PROBLEM TO WORK ON: Restate the listing below word for word, and leave its pictures behind.

SUPPLIED MATERIAL:
======

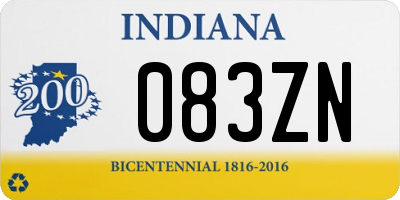 IN license plate 083ZN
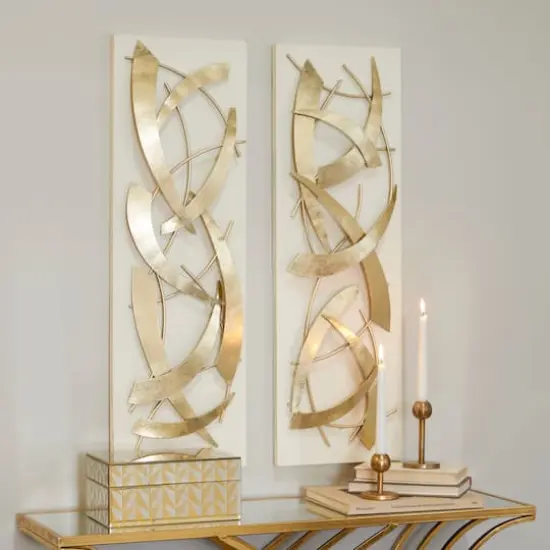 White Wood Contemporary Wall Decor, Set of 2 37" x 12" x 2" {7}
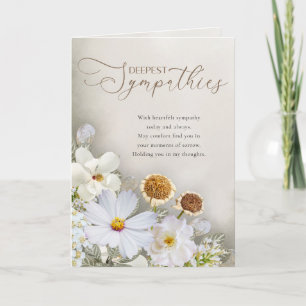 Djupaste Sympatier Blommig Tröstkort Kort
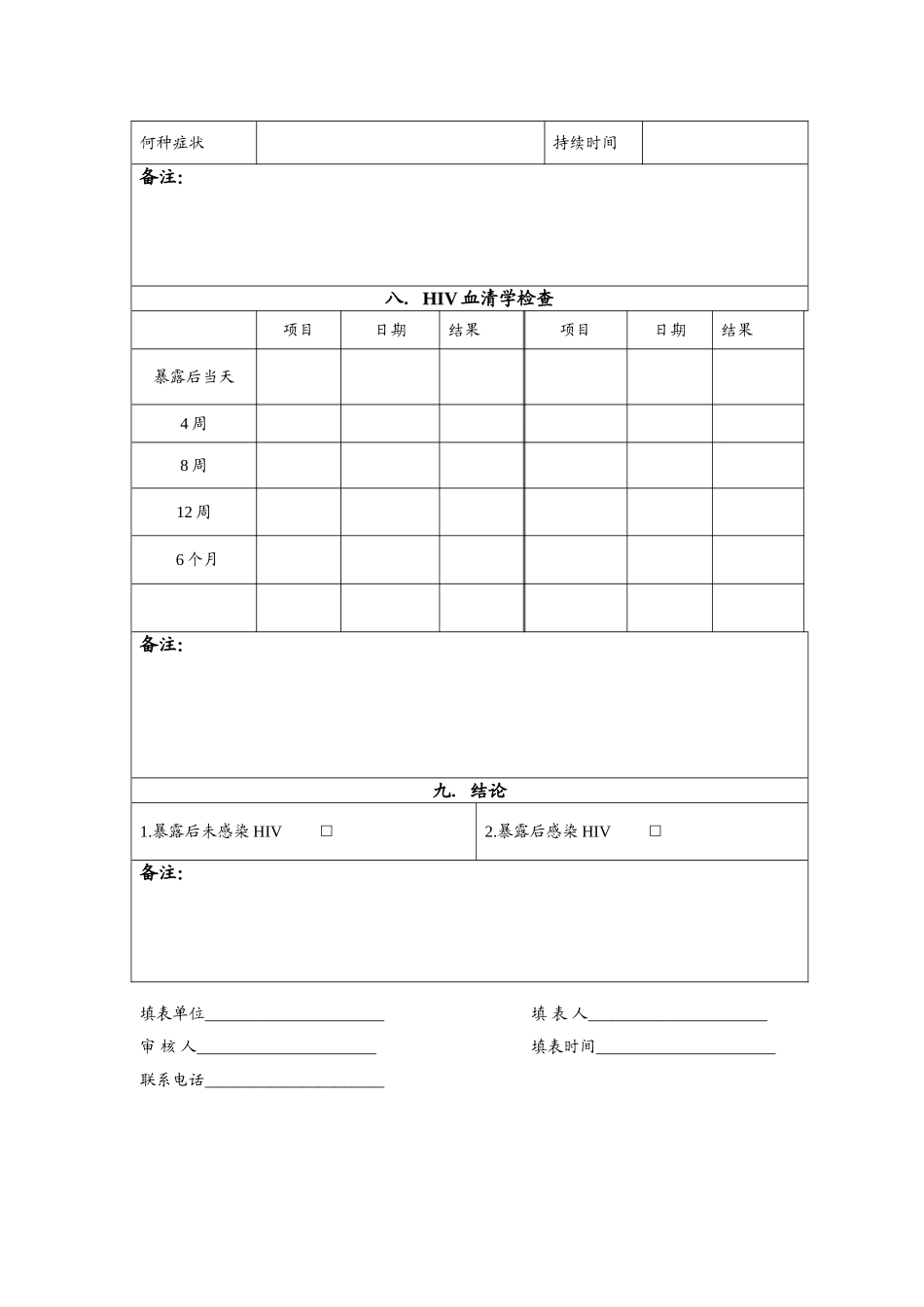 医务人员职业暴露个案登记表_第3页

======

THE COMPLETED TASK:
 IN license plate 083ZN
 White Wood Contemporary Wall Decor, Set of 2 37" x 12" x 2" {7}
 Djupaste Sympatier Blommig Tröstkort Kort
 医务人员职业暴露个案登记表_第3页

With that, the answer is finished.